> What is required
A faithful copy of the data below is required, leaving out every picture.

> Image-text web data
-- Opening Marker --

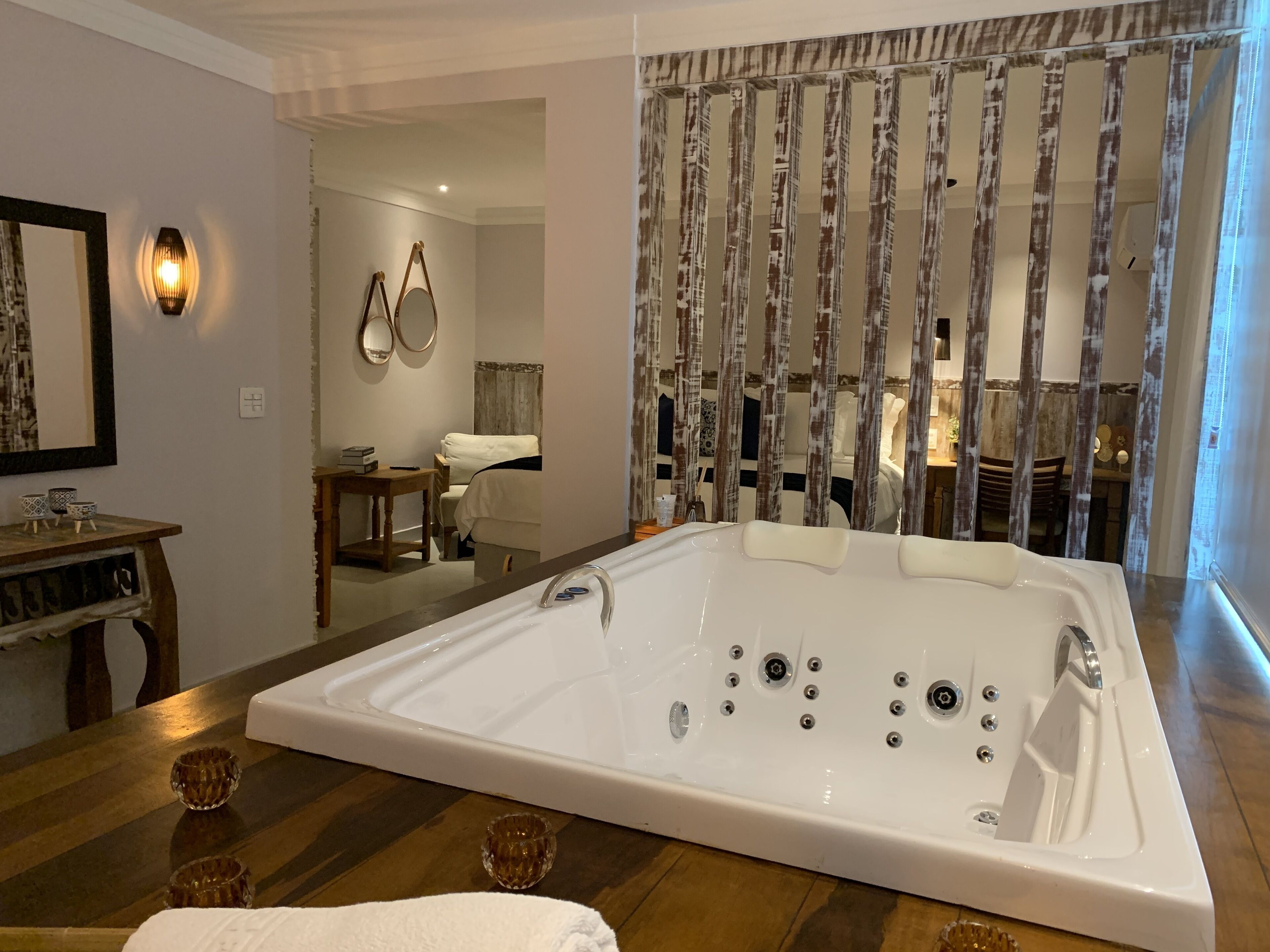 studio suite, hot tub, sea view | private spa tub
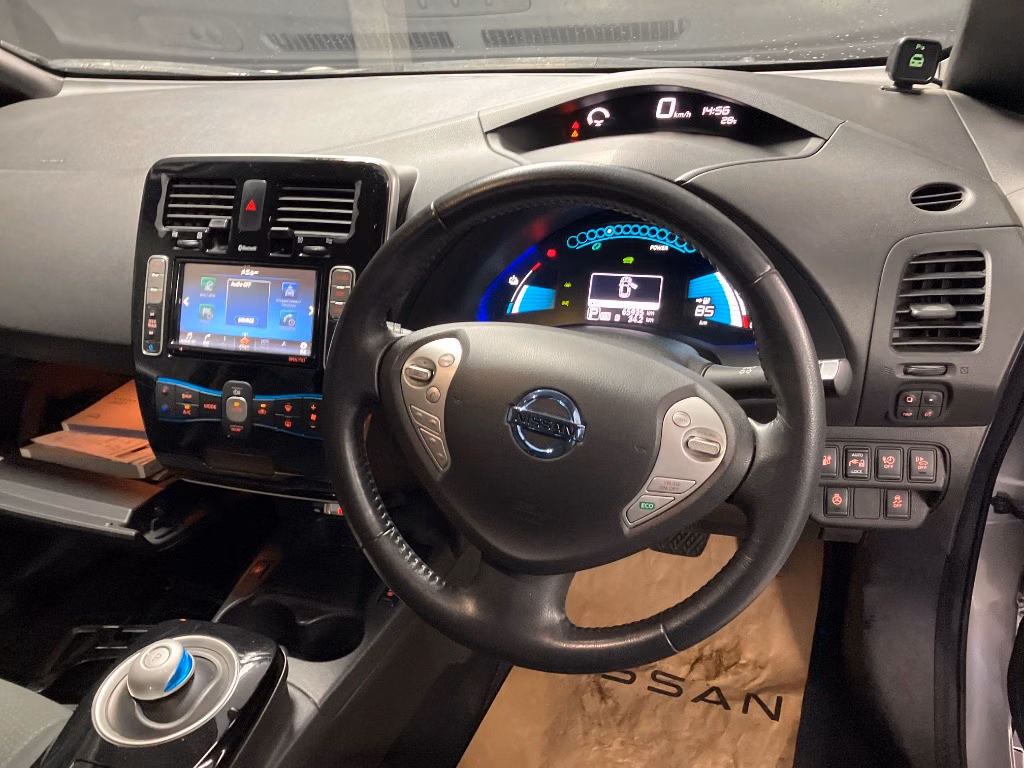 NISSAN LEAF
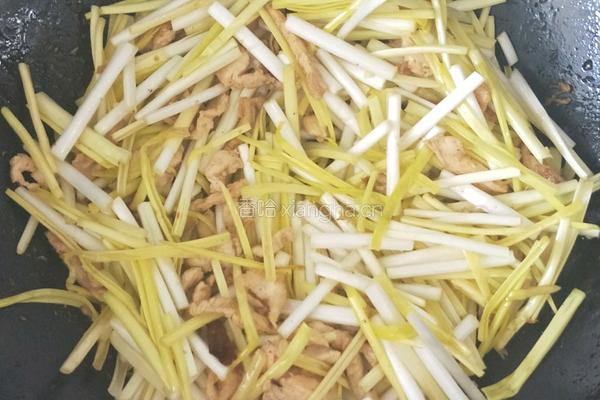 肉丝蒜黄的做法图解7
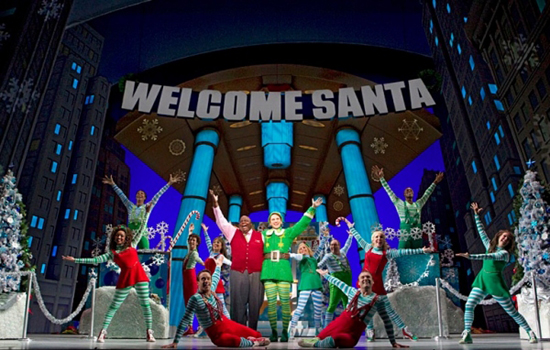 Una foto di scena da "Elf the musical"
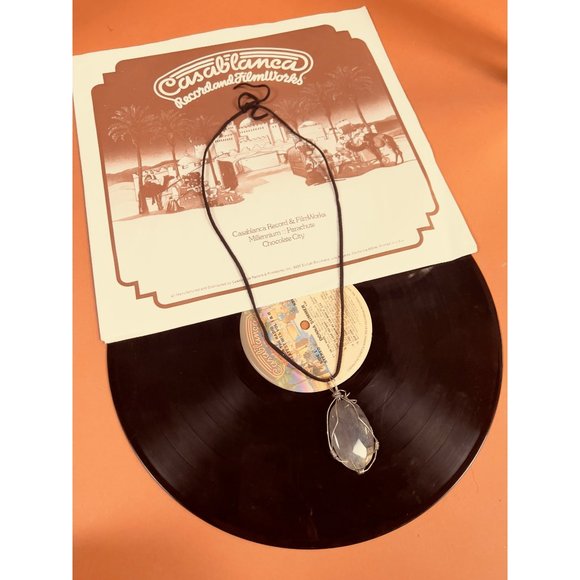 NWT Handmade Smoky Quartz Wire Wrapped Necklace - Silver - Picture 3 of 4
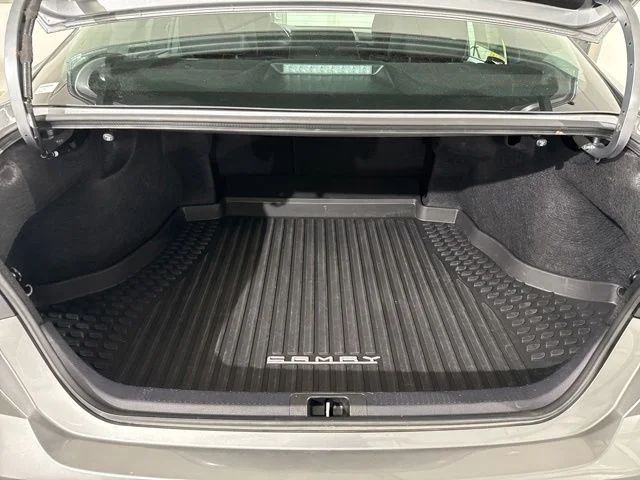 Used 2025  Toyota XLE image 11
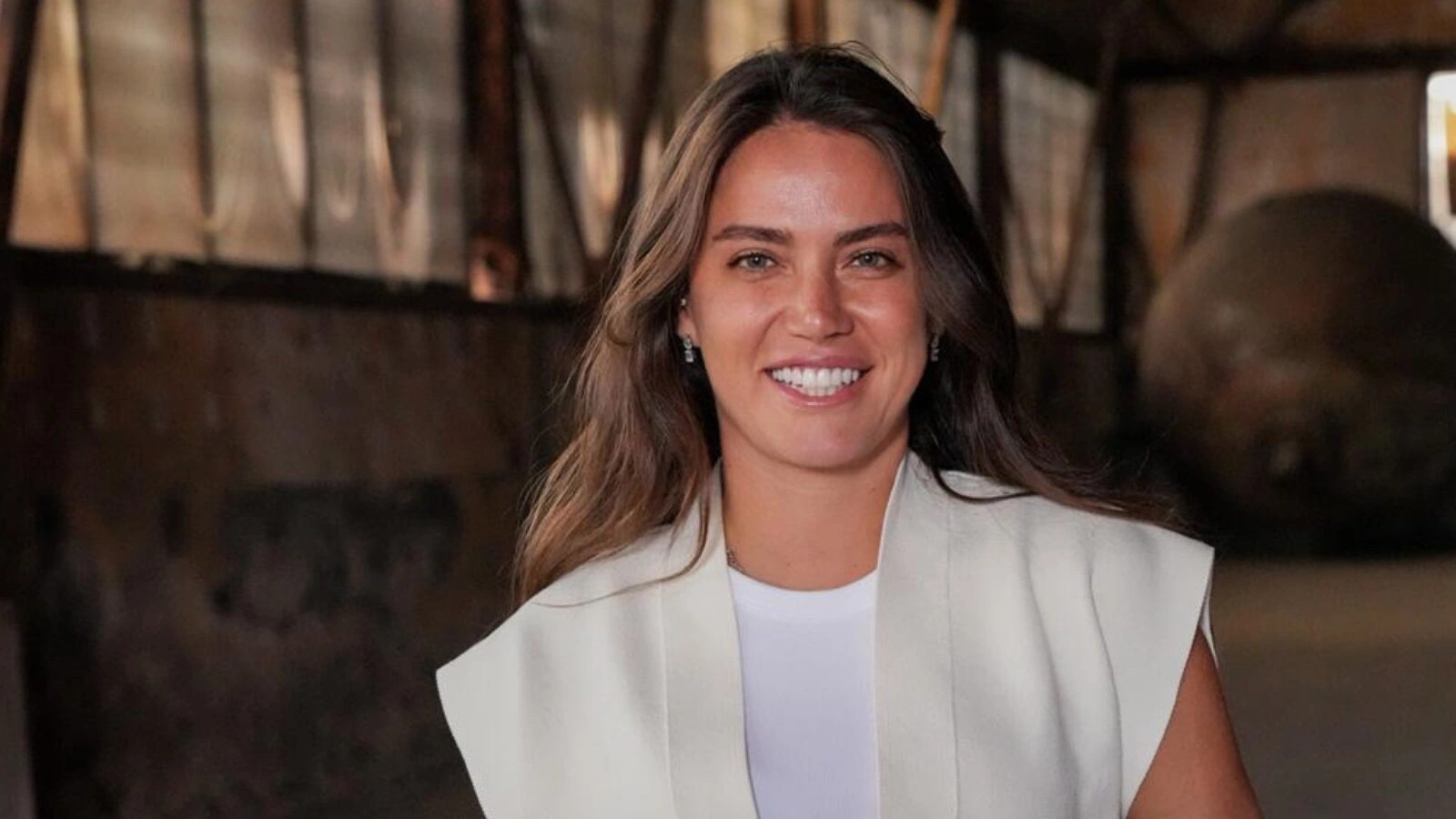 Ceyda Ateş’ten Yeni Proje: “Peki… Ama” Dikey Dizisinin Yapımcılığını Üstleniyor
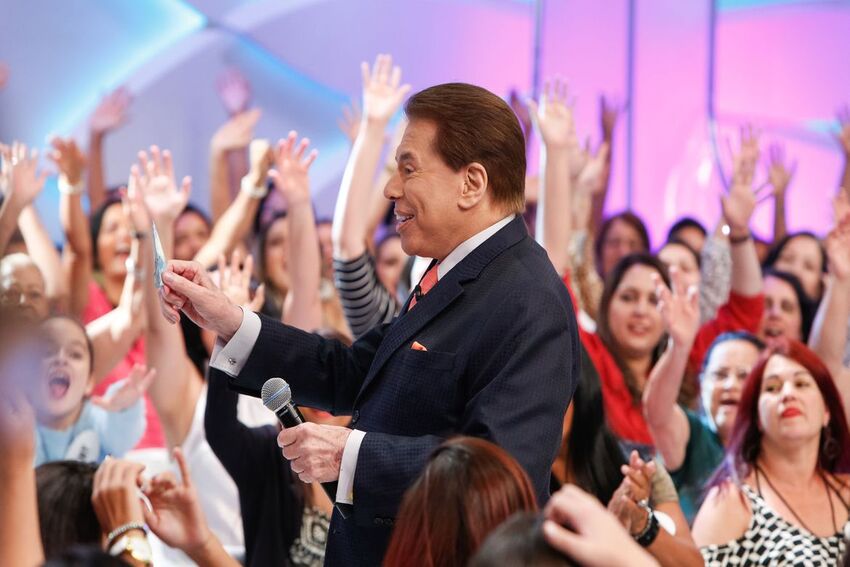 Silvio Santos deixa hospital após diagnóstico de covid-19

-- Closing Marker --

> Answer to this problem
 studio suite, hot tub, sea view | private spa tub
 NISSAN LEAF
 肉丝蒜黄的做法图解7
 Una foto di scena da "Elf the musical"
 NWT Handmade Smoky Quartz Wire Wrapped Necklace - Silver - Picture 3 of 4
 Used 2025  Toyota XLE image 11
 Ceyda Ateş’ten Yeni Proje: “Peki… Ama” Dikey Dizisinin Yapımcılığını Üstleniyor
 Silvio Santos deixa hospital após diagnóstico de covid-19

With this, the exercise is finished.